[Dataset extract — start]

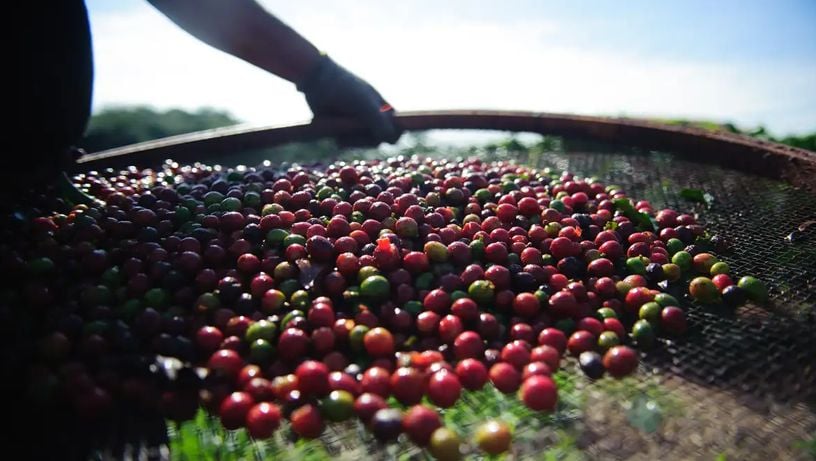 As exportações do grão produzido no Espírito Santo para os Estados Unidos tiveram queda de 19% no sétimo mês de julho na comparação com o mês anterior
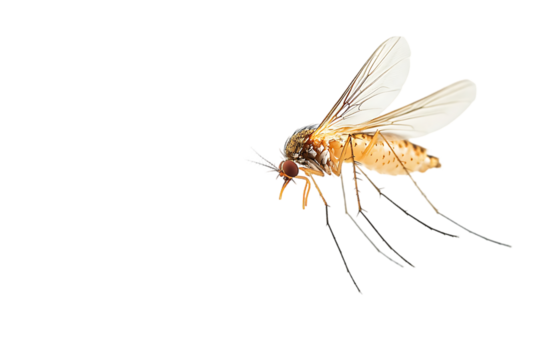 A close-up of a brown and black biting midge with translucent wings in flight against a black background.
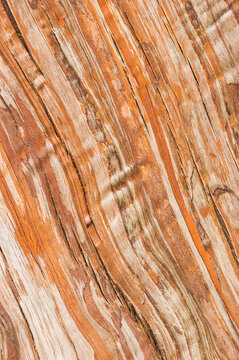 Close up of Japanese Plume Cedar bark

[Dataset extract — finish]

What the task asks: Only the pictures are to be omitted; restate everything else above exactly.

Output below:
 As exportações do grão produzido no Espírito Santo para os Estados Unidos tiveram queda de 19% no sétimo mês de julho na comparação com o mês anterior
 A close-up of a brown and black biting midge with translucent wings in flight against a black background.
 Close up of Japanese Plume Cedar bark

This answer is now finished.